> [WHAT TO PRODUCE]
Which lines of the entries contain the word "Daily"? Please list them.

> [SOURCE DATA]
↓

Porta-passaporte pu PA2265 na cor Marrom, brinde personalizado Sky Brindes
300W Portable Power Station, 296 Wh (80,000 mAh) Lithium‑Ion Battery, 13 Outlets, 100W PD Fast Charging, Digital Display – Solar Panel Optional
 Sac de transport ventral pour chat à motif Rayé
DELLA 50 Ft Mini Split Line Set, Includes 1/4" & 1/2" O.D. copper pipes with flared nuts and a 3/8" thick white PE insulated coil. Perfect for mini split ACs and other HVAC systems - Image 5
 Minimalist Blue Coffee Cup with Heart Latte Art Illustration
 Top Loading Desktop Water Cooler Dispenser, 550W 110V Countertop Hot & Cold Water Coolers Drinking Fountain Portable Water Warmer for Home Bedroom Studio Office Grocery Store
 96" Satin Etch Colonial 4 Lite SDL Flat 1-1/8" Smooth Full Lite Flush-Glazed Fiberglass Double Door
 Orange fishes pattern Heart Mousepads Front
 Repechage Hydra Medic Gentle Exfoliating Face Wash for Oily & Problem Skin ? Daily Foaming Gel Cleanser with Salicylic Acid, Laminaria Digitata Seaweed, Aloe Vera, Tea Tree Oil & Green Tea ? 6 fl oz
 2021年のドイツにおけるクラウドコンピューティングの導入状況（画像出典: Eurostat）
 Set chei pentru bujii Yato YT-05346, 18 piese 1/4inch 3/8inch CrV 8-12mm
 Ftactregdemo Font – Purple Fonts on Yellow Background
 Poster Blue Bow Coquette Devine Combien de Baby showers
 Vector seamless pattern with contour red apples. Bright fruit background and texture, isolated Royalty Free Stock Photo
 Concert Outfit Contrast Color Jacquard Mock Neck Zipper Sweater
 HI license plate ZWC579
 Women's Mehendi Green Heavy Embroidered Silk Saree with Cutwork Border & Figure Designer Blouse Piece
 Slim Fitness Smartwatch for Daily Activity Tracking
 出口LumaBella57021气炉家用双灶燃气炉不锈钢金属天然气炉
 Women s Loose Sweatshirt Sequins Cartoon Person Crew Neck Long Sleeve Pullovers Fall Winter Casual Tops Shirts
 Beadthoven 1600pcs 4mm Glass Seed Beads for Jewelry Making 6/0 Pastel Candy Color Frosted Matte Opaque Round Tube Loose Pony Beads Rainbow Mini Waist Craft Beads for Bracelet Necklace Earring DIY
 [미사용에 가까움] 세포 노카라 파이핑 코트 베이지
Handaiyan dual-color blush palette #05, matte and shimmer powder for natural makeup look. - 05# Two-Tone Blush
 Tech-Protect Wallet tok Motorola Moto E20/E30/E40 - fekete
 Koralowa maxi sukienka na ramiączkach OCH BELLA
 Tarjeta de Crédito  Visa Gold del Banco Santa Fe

↑

> [ANSWER SECTION]
 Repechage Hydra Medic Gentle Exfoliating Face Wash for Oily & Problem Skin ? Daily Foaming Gel Cleanser with Salicylic Acid, Laminaria Digitata Seaweed, Aloe Vera, Tea Tree Oil & Green Tea ? 6 fl oz
 Slim Fitness Smartwatch for Daily Activity Tracking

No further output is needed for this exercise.